Chris
Hedges: Genocídio - o novo normal
O presente de despedida de
Joe Biden de 8 bilhões de dólares em vendas de armas para o estado de apartheid
de Israel reconhece a terrível realidade do genocídio em Gaza. Este não é o
fim. Nem sequer o começo do fim. Esta é uma guerra permanente e interminável
projetada não para destruir o Hamas ou libertar os reféns israelenses, mas para
erradicar, de uma vez por todas, os palestinos em Gaza e na Cisjordânia. É o
empurrão final para criar um Grande Israel, que incluirá não apenas Gaza e a
Cisjordânia, mas partes do Líbano e da Síria. É a culminação do sonho sionista.

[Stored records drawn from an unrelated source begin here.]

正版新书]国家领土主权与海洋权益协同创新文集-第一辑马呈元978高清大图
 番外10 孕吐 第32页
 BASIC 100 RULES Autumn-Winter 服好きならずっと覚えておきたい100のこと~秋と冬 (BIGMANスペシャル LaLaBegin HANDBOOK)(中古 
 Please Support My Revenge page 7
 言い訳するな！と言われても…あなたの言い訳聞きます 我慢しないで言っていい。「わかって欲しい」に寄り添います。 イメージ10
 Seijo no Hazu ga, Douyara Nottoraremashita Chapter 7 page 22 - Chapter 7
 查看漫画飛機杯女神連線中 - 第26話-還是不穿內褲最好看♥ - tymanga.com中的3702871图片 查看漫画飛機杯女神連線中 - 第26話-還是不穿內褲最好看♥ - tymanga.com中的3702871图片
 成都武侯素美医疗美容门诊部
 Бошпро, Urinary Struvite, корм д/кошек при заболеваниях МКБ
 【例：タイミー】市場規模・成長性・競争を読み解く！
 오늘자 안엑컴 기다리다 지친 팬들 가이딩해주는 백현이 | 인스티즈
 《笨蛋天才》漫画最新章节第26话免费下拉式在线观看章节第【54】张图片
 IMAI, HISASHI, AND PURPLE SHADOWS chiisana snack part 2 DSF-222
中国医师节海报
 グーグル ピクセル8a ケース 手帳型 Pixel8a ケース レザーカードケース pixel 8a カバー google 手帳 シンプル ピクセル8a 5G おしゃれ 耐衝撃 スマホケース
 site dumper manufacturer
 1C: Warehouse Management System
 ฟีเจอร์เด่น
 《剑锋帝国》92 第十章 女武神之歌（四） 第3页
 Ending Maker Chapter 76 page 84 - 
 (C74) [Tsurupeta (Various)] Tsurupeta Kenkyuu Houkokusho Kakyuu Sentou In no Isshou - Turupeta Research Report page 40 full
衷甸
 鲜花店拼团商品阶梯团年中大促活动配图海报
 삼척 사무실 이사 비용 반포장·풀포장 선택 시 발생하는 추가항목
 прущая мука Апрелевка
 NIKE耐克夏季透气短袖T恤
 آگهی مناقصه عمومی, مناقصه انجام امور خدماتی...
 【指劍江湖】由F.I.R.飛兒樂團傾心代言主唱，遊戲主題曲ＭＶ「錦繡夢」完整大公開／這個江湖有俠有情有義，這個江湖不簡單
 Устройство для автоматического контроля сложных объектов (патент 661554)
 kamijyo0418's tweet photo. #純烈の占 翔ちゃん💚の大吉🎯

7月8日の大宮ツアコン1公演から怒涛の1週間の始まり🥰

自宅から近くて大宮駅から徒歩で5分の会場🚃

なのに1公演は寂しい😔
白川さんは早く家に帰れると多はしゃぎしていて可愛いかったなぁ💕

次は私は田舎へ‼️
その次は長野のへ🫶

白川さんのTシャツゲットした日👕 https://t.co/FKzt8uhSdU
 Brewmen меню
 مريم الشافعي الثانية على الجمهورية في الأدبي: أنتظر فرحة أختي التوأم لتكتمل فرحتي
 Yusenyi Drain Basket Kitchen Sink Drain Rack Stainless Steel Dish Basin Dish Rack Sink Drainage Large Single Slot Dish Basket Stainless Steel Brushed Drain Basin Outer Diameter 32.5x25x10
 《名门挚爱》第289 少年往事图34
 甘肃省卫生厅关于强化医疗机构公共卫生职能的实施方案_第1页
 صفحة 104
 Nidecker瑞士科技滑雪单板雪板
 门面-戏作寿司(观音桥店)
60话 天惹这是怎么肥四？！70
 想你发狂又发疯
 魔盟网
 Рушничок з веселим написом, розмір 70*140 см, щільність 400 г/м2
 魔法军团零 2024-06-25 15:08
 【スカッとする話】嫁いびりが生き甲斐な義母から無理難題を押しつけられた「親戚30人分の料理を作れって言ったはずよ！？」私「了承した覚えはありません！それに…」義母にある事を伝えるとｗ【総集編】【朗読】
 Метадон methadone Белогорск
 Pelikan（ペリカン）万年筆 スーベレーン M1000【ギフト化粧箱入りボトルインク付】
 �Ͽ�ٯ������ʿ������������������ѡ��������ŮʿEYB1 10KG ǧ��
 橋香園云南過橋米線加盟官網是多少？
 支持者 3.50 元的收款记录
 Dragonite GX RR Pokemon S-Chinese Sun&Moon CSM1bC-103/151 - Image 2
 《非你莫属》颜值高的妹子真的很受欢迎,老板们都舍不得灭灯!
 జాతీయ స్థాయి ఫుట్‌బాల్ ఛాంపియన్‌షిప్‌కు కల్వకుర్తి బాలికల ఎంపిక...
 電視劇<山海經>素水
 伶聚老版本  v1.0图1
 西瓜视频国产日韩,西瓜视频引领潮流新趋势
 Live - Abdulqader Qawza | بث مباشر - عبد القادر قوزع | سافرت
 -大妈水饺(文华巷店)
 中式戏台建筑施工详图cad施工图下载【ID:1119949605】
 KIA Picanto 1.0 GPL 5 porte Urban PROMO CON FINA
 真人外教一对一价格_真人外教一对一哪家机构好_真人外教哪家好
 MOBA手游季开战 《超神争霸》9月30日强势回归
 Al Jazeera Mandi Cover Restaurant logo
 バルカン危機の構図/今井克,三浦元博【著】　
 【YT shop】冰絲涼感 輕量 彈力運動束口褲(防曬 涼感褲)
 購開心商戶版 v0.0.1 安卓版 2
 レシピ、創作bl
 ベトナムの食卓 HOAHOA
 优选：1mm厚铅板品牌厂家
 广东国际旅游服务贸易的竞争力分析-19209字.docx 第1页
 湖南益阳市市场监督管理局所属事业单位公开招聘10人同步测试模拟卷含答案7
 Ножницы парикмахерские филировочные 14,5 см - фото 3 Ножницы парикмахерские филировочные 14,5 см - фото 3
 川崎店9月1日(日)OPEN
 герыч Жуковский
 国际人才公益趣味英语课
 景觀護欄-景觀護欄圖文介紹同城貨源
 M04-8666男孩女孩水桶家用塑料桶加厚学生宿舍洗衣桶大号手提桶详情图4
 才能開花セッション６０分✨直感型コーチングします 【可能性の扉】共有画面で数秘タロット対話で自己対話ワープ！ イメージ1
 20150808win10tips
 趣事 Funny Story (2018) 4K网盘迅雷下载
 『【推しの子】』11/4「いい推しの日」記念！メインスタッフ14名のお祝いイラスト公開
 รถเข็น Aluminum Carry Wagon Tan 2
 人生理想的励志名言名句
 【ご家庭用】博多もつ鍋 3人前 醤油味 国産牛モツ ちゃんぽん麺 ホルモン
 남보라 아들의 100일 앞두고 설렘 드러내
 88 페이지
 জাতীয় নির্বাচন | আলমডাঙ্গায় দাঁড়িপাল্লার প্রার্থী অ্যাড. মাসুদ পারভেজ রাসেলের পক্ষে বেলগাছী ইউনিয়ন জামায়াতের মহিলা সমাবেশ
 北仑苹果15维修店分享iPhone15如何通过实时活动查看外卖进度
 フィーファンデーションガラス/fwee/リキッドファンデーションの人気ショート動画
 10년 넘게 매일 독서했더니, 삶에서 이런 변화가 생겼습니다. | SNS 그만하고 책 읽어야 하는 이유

E será pago com rios de sangue — palestino, libanês e sírio.
O Ministro da Agricultura e
Segurança Alimentar de Israel, Avi Dichter, provavelmente ofereceu estimativas
conservadoras ao dizer: "Eu acho que vamos permanecer em Gaza por muito
tempo. Acho que a maioria das pessoas entende que [Israel] ficará anos em uma
espécie de situação da Cisjordânia onde você entra e sai e talvez permaneça ao
longo do corredor de Netzarim.”
Exterminar em massa leva
tempo. Também é caro. Felizmente para Israel, o seu lobby nos EUA tem um
controle absoluto sobre o Congresso, nosso processo eleitoral e a narrativa da
mídia. Os estadunidenses, embora 61% apoiem o fim do envio de armas para
Israel, pagarão por isso. E aqueles que expressarem alguma dissidência serão
forçados a entrar em buracos negros sionistas, onde as suas vozes são
silenciadas e as suas carreiras são ameaçadas ou destruídas. Donald Trump e os
republicanos têm um desprezo aberto pela democracia, mas o mesmo acontece com
os democratas e Joe Biden.
Os EUA forneceram 17,9
bilhões de dólares em ajuda militar a Israel de outubro de 2023 a outubro de
2024, um aumento substancial em relação aos 3,8 bilhões de dólares anuais em
ajuda militar que os EUA já concedem a Israel. Este é um recorde para um único
ano. O Departamento de Estado informou ao Congresso que pretende aprovar mais 8
bilhões de dólares em compras de armas fabricadas nos EUA por Israel.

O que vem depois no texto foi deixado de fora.